Brief descriptive captions
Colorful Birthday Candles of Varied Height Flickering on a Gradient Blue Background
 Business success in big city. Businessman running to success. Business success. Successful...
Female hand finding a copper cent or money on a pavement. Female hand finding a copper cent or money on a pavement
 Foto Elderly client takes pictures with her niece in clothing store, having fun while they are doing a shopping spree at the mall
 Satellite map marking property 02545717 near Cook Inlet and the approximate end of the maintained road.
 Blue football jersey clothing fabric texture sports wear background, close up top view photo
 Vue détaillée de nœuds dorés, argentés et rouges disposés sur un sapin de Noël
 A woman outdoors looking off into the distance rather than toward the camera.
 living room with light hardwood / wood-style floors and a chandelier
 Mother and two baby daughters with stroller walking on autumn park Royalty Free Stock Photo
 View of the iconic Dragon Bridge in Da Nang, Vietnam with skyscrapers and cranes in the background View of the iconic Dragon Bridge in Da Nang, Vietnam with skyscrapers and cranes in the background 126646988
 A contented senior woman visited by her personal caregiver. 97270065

== What is expected ==
Would you set down all of the entries again, word for word?

== Response box ==
Colorful Birthday Candles of Varied Height Flickering on a Gradient Blue Background
 Business success in big city. Businessman running to success. Business success. Successful...
Female hand finding a copper cent or money on a pavement. Female hand finding a copper cent or money on a pavement
 Foto Elderly client takes pictures with her niece in clothing store, having fun while they are doing a shopping spree at the mall
 Satellite map marking property 02545717 near Cook Inlet and the approximate end of the maintained road.
 Blue football jersey clothing fabric texture sports wear background, close up top view photo
 Vue détaillée de nœuds dorés, argentés et rouges disposés sur un sapin de Noël
 A woman outdoors looking off into the distance rather than toward the camera.
 living room with light hardwood / wood-style floors and a chandelier
 Mother and two baby daughters with stroller walking on autumn park Royalty Free Stock Photo
 View of the iconic Dragon Bridge in Da Nang, Vietnam with skyscrapers and cranes in the background View of the iconic Dragon Bridge in Da Nang, Vietnam with skyscrapers and cranes in the background 126646988
 A contented senior woman visited by her personal caregiver. 97270065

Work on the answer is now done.